Фото: ИЗВЕСТИЯ/Зураб Джавахадзе
Переходя из комнаты в комнату, Глеб Глебович часто обращается к деталям. Здесь какая-то игрушка, здесь книга, здесь фото. Он с упоением и теплотой рассказывает о каждой мелочи. Мы подходим к кабинету Елизаветы Петровны.
— Я здесь ничего не трогал. Всё осталось так, как было расставлено ею.
Фото: ИЗВЕСТИЯ/Зураб Джавахадзе
В кабинете стоит удивительно тонкий даже изящный аромат. Кабинет — небольшая комнатка со столом, шкафом и маленьким диванчиком. На столе — компьютер, стопки бумаг, фотографии сыновей — Кости и Алеши. И неожиданная деталь — весь подоконник и несколько полок шкафа уставлены флакончиками разных размеров.
Фото: ИЗВЕСТИЯ/Зураб Джавахадзе
— Вы знаете, — задумчиво говорит Глеб Глебович, — а ведь она хотела уйти из фонда. Она хотела заняться вот этим, — Глинка указывает на пузырьки с аромаслами и брошюры по аромотерапии. — Ей так не хватало на это времени, и накануне поездки в Сирию она мне сказала, что после возвращения хочет немного отойти от руководства фондом, но будет продолжать там работать. И тогда я спросил у нее, как же будет работать фонд. «Авилова (помощница Елизаветы Глинки. — «Известия») поможет, справится!» У нас были билеты в Алушту — мы там планировали встретить Новый год, как и раньше. И я стал спрашивать про это решение отойти от руководства фондом, она мне ответила, что всё обсудим, когда будем гулять по набережной.
Фото: ИЗВЕСТИЯ/Зураб Джавахадзе
Глеб Глебович снова отвернулся.
— Знаете, Елизавета говорила, что в благотворительности не может быть соревнования, нуждающихся всем хватит. Из «Справедливой помощи» я не ухожу, я остаюсь членом организации и продолжаю участвовать в работе. Заменить полностью Елизавету невозможно. Но считаю, есть место и другому фонду, где продолжится работа под девизом Елизаветы: «Мы помогаем тем, кому некому помочь». Новый фонд будет небольшим, мобильным, гибким.

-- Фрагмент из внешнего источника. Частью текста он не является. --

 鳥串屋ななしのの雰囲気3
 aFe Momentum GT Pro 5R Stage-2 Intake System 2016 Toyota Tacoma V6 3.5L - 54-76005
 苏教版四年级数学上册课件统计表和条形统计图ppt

Так работала Елизавета, когда можно и нужно немедленно принять решение и прыгнуть в самолет, поехать за детьми или на пожары.
Фото: ИЗВЕСТИЯ/Зураб Джавахадзе
Глеб Глебович поясняет, что новый фонд — это в том числе и фонд-музей. Часть вещей и книг из кабинета, в котором он с нами беседует, будет передана как раз в музей при фонде.

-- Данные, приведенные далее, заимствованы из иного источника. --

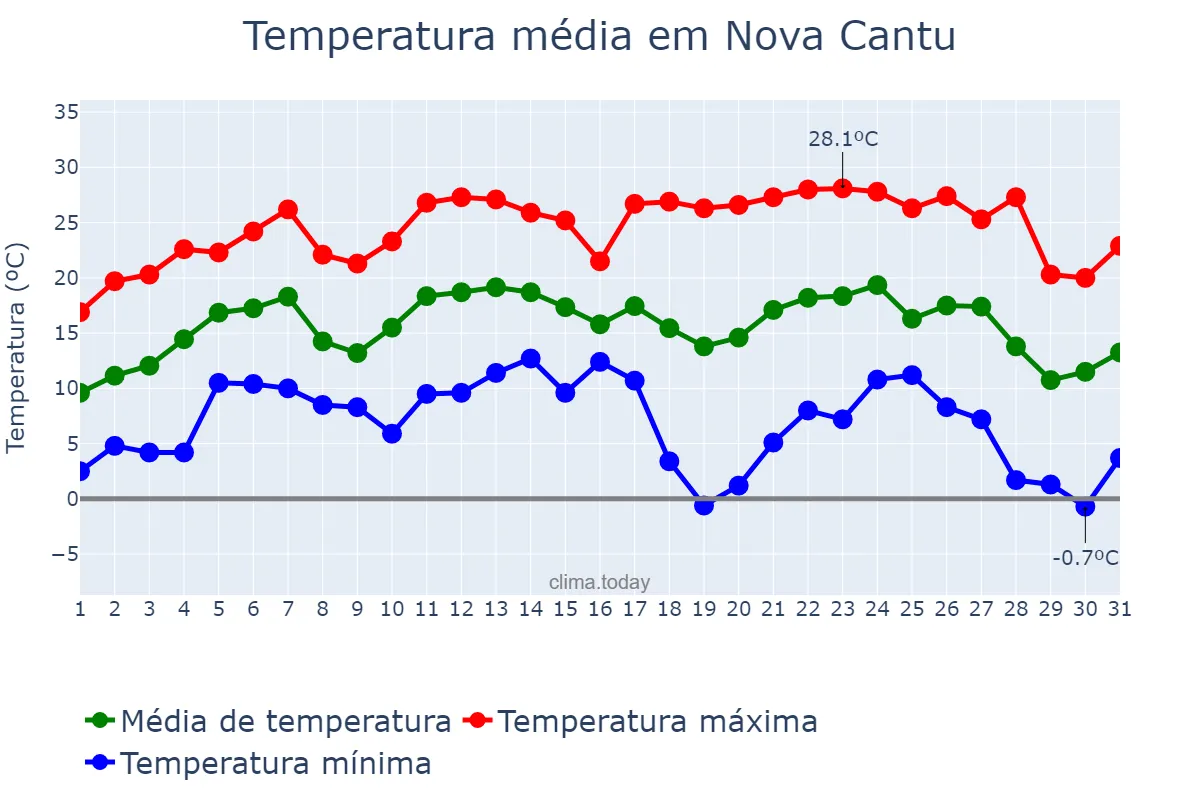 Temperatura em julho em Nova Cantu, PR, BR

— Знаете, а ведь этот фонд мы открываем благодаря Соколовой (директор фонда «Справедливая помощь». — «Известия»). На последнем заседании попечительского совета она предложила Авиловой открыть свой фонд. Наташа так и сделала, и нашла широкую поддержку. Она будет директором нового фонда, Александр Парфенов, который работал с Лизой 10 лет, будет президентом, а я возглавил совет.
Фото: ИЗВЕСТИЯ/Зураб Джавахадзе
Из кабинета снова возвращаемся на кухню. На столе стоит дымящийся чай. Глеб Глебович, воодушевленный рассказом про фонд, продолжает говорить про удивительную простоту и скромность Елизаветы Петровны. Отмечает, что она помнила историю каждого ребенка, каждого больного.
— Она же не помогала бездомным с условием «я тебя покормлю, но ты бросай пить». Нет, она просто помогала ему, а он уже сам решал, как жить дальше. Она это делала, потому что видела в каждом образ и подобие Божие.Только так это можно объяснить.
Фото: ИЗВЕСТИЯ/Зураб Джавахадзе
В этот момент стоящий на столе между двух ваз портрет Доктора Лизы упал.
— Вот видите, она ругается, что я ее хвалю!
Глеб Глебович поставил фотографию на место рядом с ангелочком, улыбнулся и снова опустил глаза.